Directions for this task: Repeat the records below exactly, leaving out any pictures.

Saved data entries
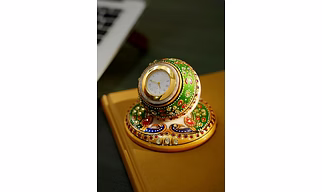 Handcrafted Round Table Clock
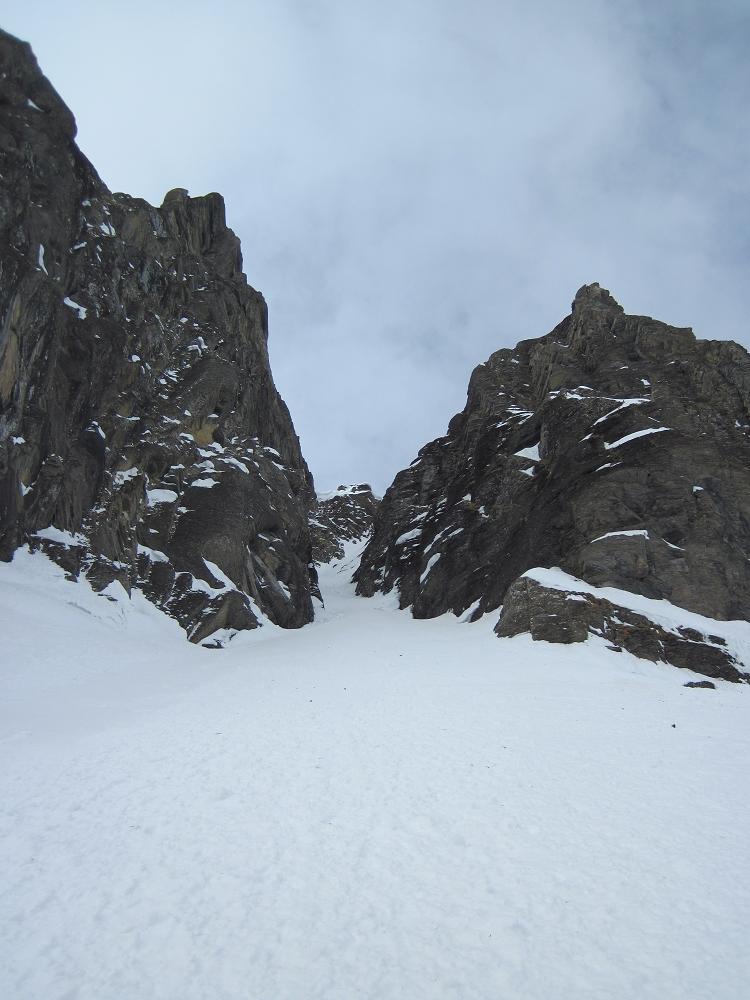 #3 Couloir du chien : avec au moins une ancienne trace. Couloir du chien : avec au moins une ancienne trace.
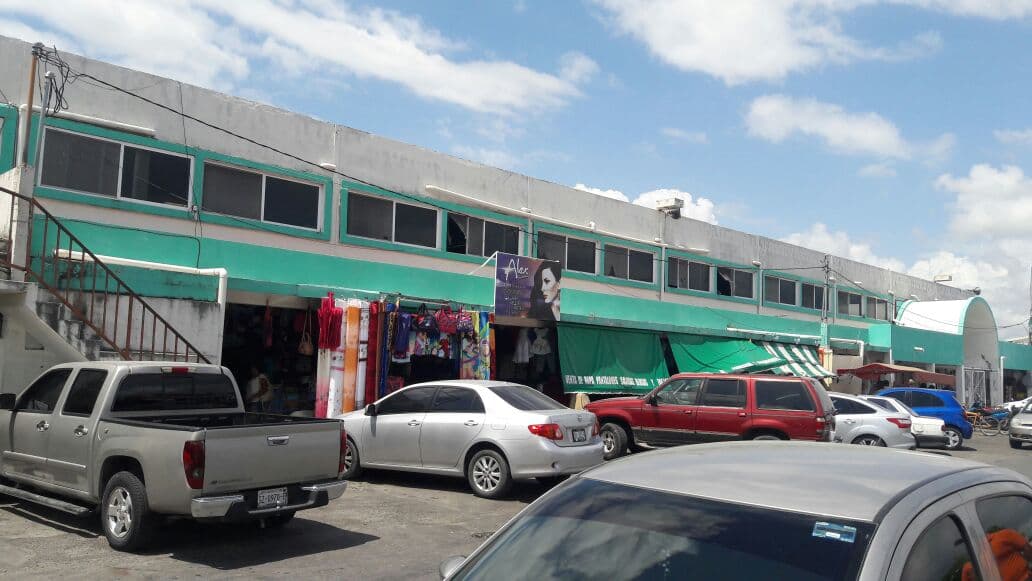 Cancela Raymundo King evento por falta de quórum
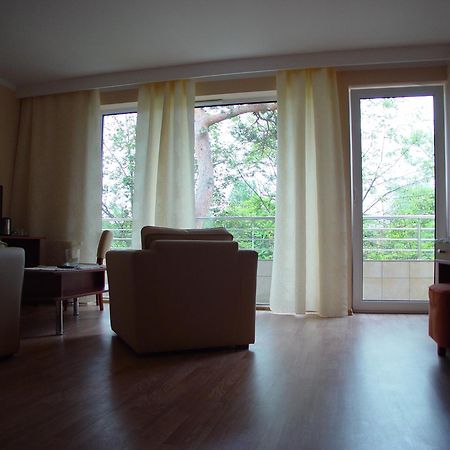 Floryda Jurata Bed & Breakfast Bagian luar foto
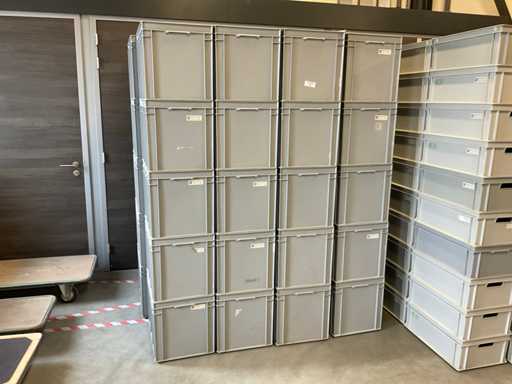 English Stacking crates (40x)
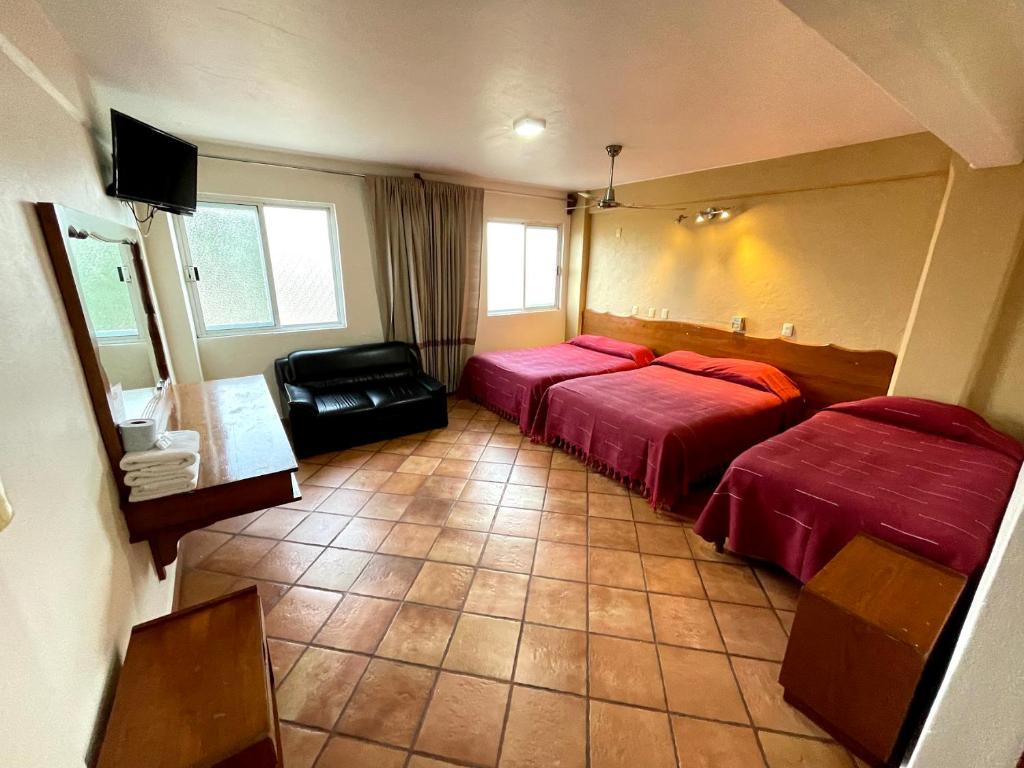 HOTEL BUGAMBILIAS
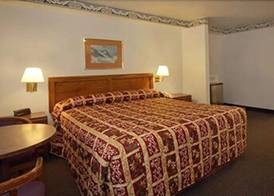 Monterey Fairgrounds Inn 4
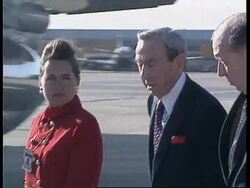 UK: WARREN CHRISTOPHER RETURNS TO US AFTER BOSNIA CONFERENCE News Clip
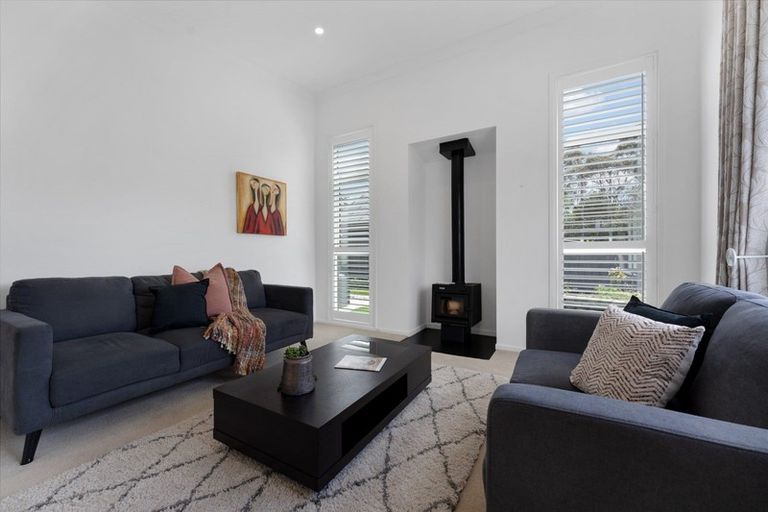 Photo of property in 5 Butler Place, Fitzherbert, Palmerston North, 4410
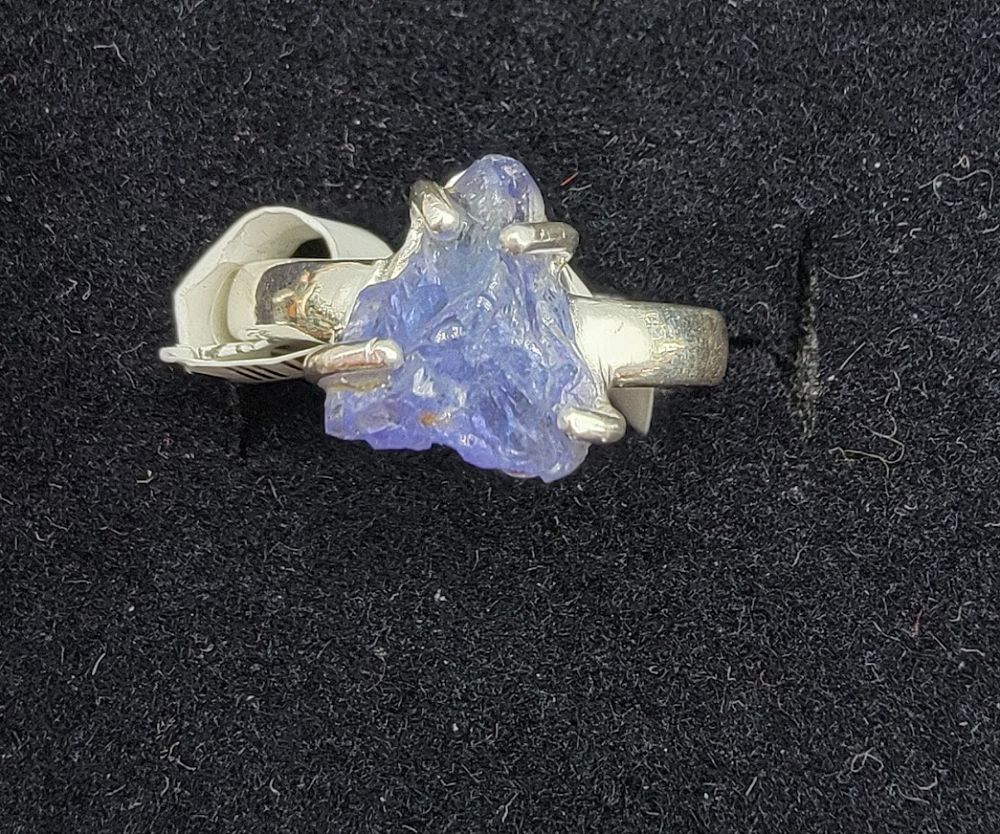 Tanzanite Rough Ring 6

Output for this exercise:
 Handcrafted Round Table Clock
 #3 Couloir du chien : avec au moins une ancienne trace. Couloir du chien : avec au moins une ancienne trace.
 Cancela Raymundo King evento por falta de quórum
 Floryda Jurata Bed & Breakfast Bagian luar foto
 English Stacking crates (40x)
 HOTEL BUGAMBILIAS
 Monterey Fairgrounds Inn 4
 UK: WARREN CHRISTOPHER RETURNS TO US AFTER BOSNIA CONFERENCE News Clip
 Photo of property in 5 Butler Place, Fitzherbert, Palmerston North, 4410
 Tanzanite Rough Ring 6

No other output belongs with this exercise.